A woman accused of extorting $12 million from a Las Vegas businessman by threatening to reveal his personal secrets received cryptocurrency, luxury vehicles and an interest in a $1.8 million property at Mount Charleston, according to police and court records.

Ava Blige, 30, of Las Vegas was charged Sept. 30 with 27 felonies in the case. Authorities, meanwhile, have gone to great lengths to conceal the businessman’s identity.

The man’s name was blacked out in a declaration of warrant. Las Vegas Justice of the Peace Karen Bennett-Haron recently sealed an original criminal complaint in the case at the request of Clark County prosecutors after the document included his name. And attorneys for the Metropolitan Police Department have identified the man only as a “male individual” in a civil filing that seeks to confiscate cryptocurrency, vehicles and jewelry paid to Blige.

District Court filings, meanwhile, indicate that a Las Vegas businessman, Christopher Terry, has sued Blige over a business deal involving a Mount Charleston property and payments made to keep his personal information confidential.

Blige’s former civil attorneys described Terry in court records as a co-owner of a global financial services company, International Markets Live, or imarketslive. The company offers products and training to traders in the currency market, futures and financial markets.

Three attorneys from the law firm Holland & Hart, which sued Blige on behalf of Terry, either did not respond to requests for comment or declined to comment on this story.

Attempts to contact Terry directly for comment were not successful.

Blige has denied any wrongdoing in her criminal case. She and her attorney, Max Berkley of the Clark County public defender’s office, have declined comment about the charges against her.

Report of extortion

A Metro police warrant for Blige states that a detective with the Summerlin area command was contacted in October 2020 by an attorney who wanted to report an extortion. The attorney said the client was out of the country in Dubai at the time.

The warrant, released by Las Vegas Justice Court on Wednesday, identified the victim only as “Christopher.” His last name was blacked out in the report. The attorney, whose last name also was blacked out, told police his client employed Blige at his company in 2016 and that the two “were in a relationship until August of 2019.”

“After separating, Blige became very upset and began to make threats towards (the accuser),” police wrote. “(The attorney) explained (his client) wanted the separation to be on good terms, therefore (he) provided funding and gifts to Blige.”

Over time, the attorney said, the payments to Blige were not good enough for her, and she started threatening to release personal information about her lover if he failed to pay her.

“She would expose his company, and it would ‘be worse than what Steve Wynn went through,’” police wrote, adding that the attorney said his client had paid Blige about $12 million.

Wynn stepped down as CEO and chairman of Wynn Resorts in February 2018, after multiple allegations of sexual misconduct and sexual harassment. He denied any wrongdoing.

Police held a videoconference with the man who claimed he had been extorted by Blige, and he said he first hired her as an assistant, but she was fired because of laziness. She then was hired as a personal assistant and was paid $4,000 a month. Blige also was “learning how to manage the trade market,” police wrote.

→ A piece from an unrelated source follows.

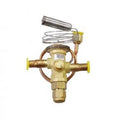 York S1-1TVMBH1 34R410A TXV KIT CHATLEFF CON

A romantic relationship between the two started in September 2017, according to the report.

A stormy relationship

The businessman told police he soon noticed that the couple would fight if he failed to give Blige money to purchase clothes, jewelry and cars.

“She would tell him he made her that way, so she had to live a certain lifestyle and he needed to pay for it,” police wrote. “She became extremely controlling as the relationship continued.”

The man said he cut off the relationship by 2019, although “he did want to continue to help her with trading and be friends.”

He told police that Blige started threatening to post information “she had learned during private conversations they had when they were dating, if he didn’t give her money.”

The accuser told police that Blige claimed to have recordings of him talking about his business partners.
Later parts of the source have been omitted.